MySQL – Should You Create an Audit Log Table or Audit Fields in Each Table?

Architecturedatabase-designMySQL

By no means am I a DB expert, but I do have experience with creating DBs. Not sure about the following though.

I want everything that happens in the system to be trackable. My client is dealing with lots of money and if mistakes are made, they need to be tracked. From both a DB and a developer perspective, what's easier: 1)

  • created_by
  • created_date
  • updated_by
  • updated_date

in 7-10 tables or

2) a dedicated table with

  • action_done
  • action_done_by
  • action_date

and then a secondary table with what the actions are.
id
action_type

Pros to 1: Easier to make sure you don't miss anything.
Cons to 1: Annoying to maintain, report on, etc. and so not clean.

Pros to 2: Oh so clean, easy to report on.
Cons to 2: Easier to miss something you want to log (though that's possibly true for 1, it's less likely because the fields are in each table and they need to be used for something.)

Is that it and I just need to make a decision one way or the other? Or is there a DB performance concern I should have or something else I'm missing?

Best Answer

Your two scenarios serve different purposes. The former is useful when you application needs to know the history of an entity, e.g. to display the balance sheet as of last December. See also "slowly changing dimensions" and "temporal tables".

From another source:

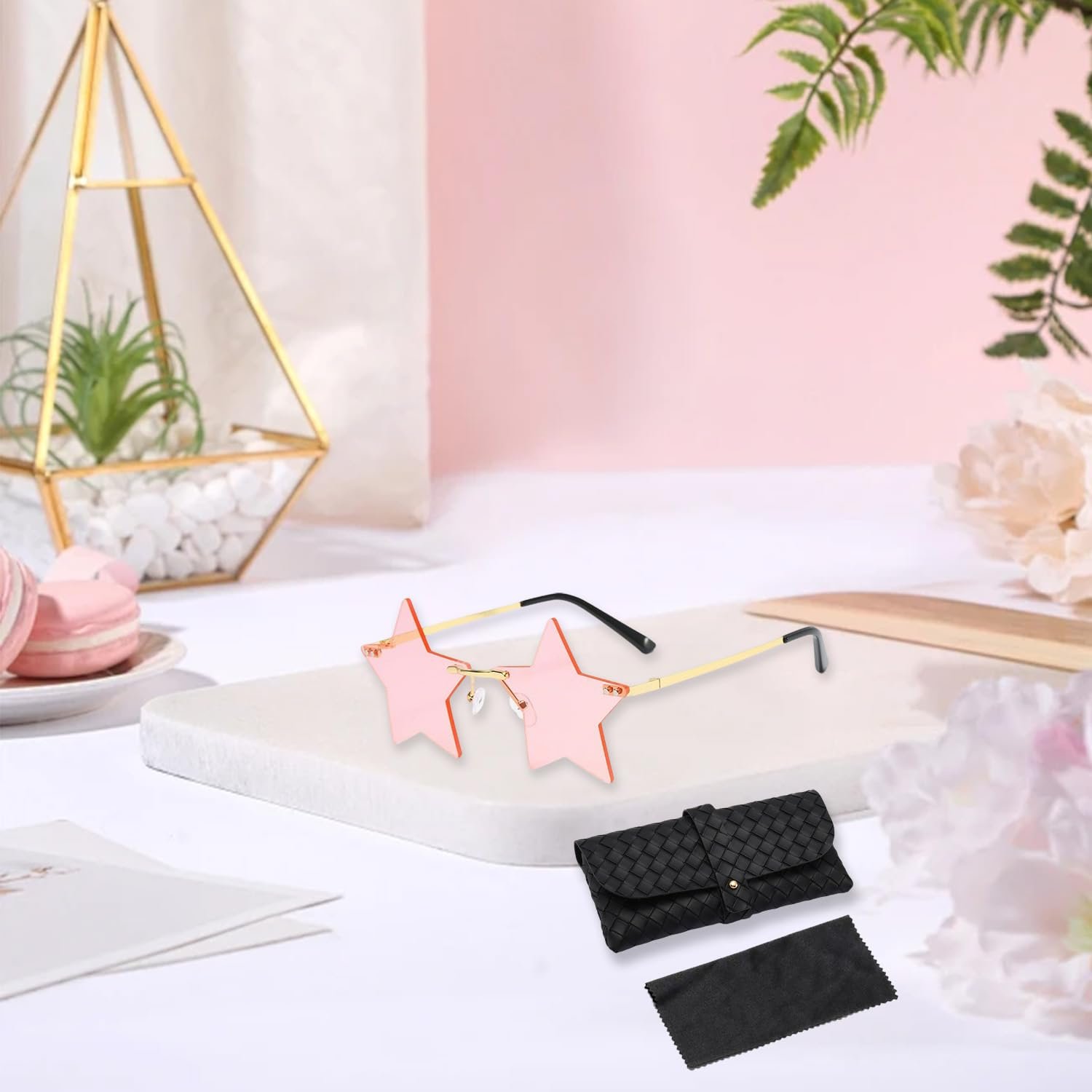 Сонцезахисні окуляри Без оправи Pentagram Nujvnuj Золота оправа з рожевими вставками, фото №5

The latter is closer to the true audit trail, which should be separate from the data it reports on, and probably even from the database it reports on -- otherwise that same [compromised] application that enters erroneous data can also modify the audit trail to disguise the change. Storing audit data separately from its source entities also benefits performance -- the application doesn't need to sift through days/months/years of historical data to get at the current records.

If you decide to store the audit trail in the database, at least ensure that the authorization ID that modifies the data cannot access the audit trail table, and the audit authorization ID cannot change the source data (also known as separation of duties).